Configure the Scala Stream Collector

The Scala Stream Collector has a number of configuration options available.

Basic configuration

Template

Download a template configuration file from GitHub: config.hocon.sample.

Now open the config.hocon.sample file in your editor of choice.

Stream configuration

You will need to put in the names of your good and bad streams:

  • collector.streams.good: The name of the good input stream of the tool which you choose as a sink. This is stream where the events which have successfully been collected will be stored in.
  • collector.streams.bad: The name of the bad input stream of the tool which you choose as a sink. This is stream where bad rows will be stored in. The collector can currently produce two types of bad row. A size_violation bad row indicates that an event was too big to meet the stream limits for individual records — 1MB for Kinesis and 256KB for SQS. A generic_error bad row wraps errors thrown when the querystring of the request cannot be parsed, eg because of illegal characters.
  • collector.streams.useIpAddressAsPartitionKey: Whether to use the incoming event’s ip as the partition key for the good stream/topic. (This setting applies to the Kinesis sink but not to the SQS sink.)

HTTP settings

Also verify the settings of the HTTP service:

  • collector.interface
  • collector.port

Buffer settings

You will also need to set appropriate limits for:

  • collector.streams.buffer.byteLimit (max allowed for Kinesis is 1000000 and for SQS 256000)
  • collector.streams.buffer.recordLimit (max allowed for Kinesis is 500 and for SQS 10)
  • collector.streams.buffer.timeLimit

This buffer gets filled with events as they arrive at the collector and is flushed any time one of the thresholds above is reached. The byteLimit and recordLimit settings ensure that Kinesis and SQS limits for the size of write requests will be respected. There is no limitation on the value of timeLimit.
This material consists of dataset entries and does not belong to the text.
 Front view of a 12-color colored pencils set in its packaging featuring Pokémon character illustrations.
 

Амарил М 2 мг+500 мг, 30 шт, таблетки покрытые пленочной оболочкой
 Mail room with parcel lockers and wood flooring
Additional configuration options

Sinks

The collector.streams.sink.enabled setting determines which of the supported sinks to write raw events to:

  • "kinesis" for writing Thrift-serialized records and error rows to a Kinesis stream
  • "kafka" for writing Thrift-serialized records and error rows to a Kafka topic
  • "googlepubsub" for writing Thrift-serialized records and error rows to a Google PubSub topic
  • "stdout" for writing Base64-encoded Thrift-serialized records and error rows to stdout and stderr respectively
  • "nsq" for writing Thrift-serialized records and error rows to NSQ topic
  • “sqs” for writing Thrift-serialized records and error rows to an SQS queue.
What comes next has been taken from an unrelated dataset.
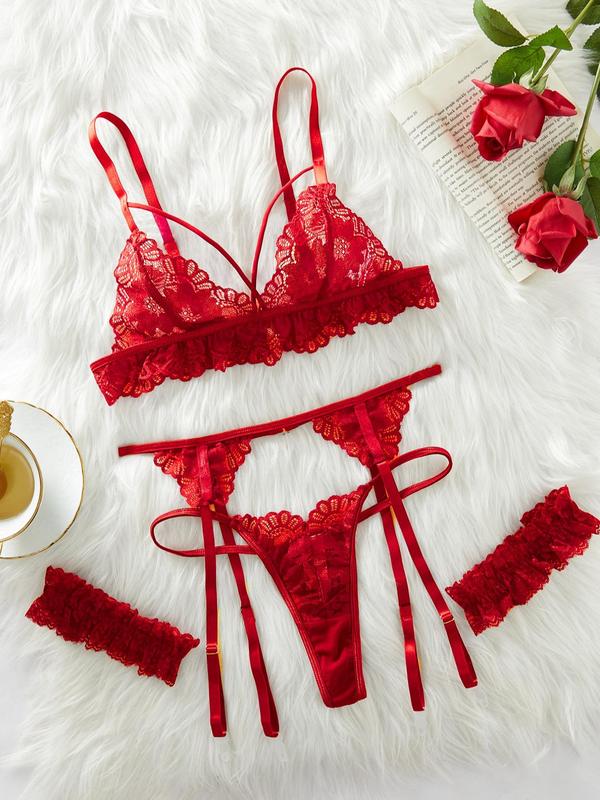 Women's Floral Lace Sheer Sexy Lingerie Set, Adjustable Strap Cut Out Bra & Thong & Garter Belt & Thigh Ring Set, Romantic Nightwear Set for Women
If you switch to "stdout", we recommend setting ‘akka.loglevel = OFF’ and ‘akka.loggers = []’ to prevent Akka debug information from polluting your event stream on stdout.
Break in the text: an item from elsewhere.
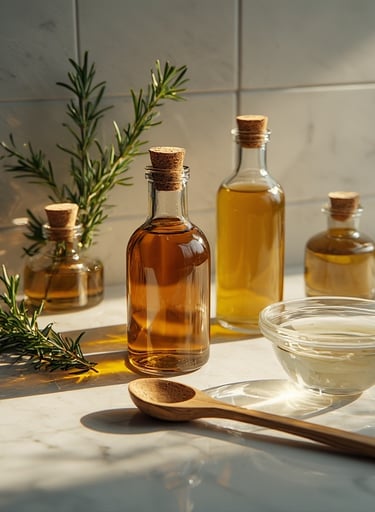 Minimalist look with apothecary jars, wood, and green rosemary accents.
You should fill the rest of the collector.streams.sink section according to your selection as a sink.

To use stdout as a sink comment everything in the collector.streams.sink but collector.streams.sink.enabled which should be set to stdout.

For SQS, ensure that you configure a standard queue rather than a FIFO one.

Setting the P3P policy header

The P3P policy header is set in collector.p3p, and if not set, the P3P policy header defaults to:

policyRef="/w3c/p3p.xml", CP="NOI DSP COR NID PSA OUR IND COM NAV STA"
Code language: JavaScript (javascript)

Setting the domain name

Set the cookie name using the collector.cookie.name setting. To maintain backward compatibility with earlier versions of the collector, use the string “sp” as the cookie name.

The collector responds to valid requests with a Set-Cookie header, which may or may not specify a domain for the cookie.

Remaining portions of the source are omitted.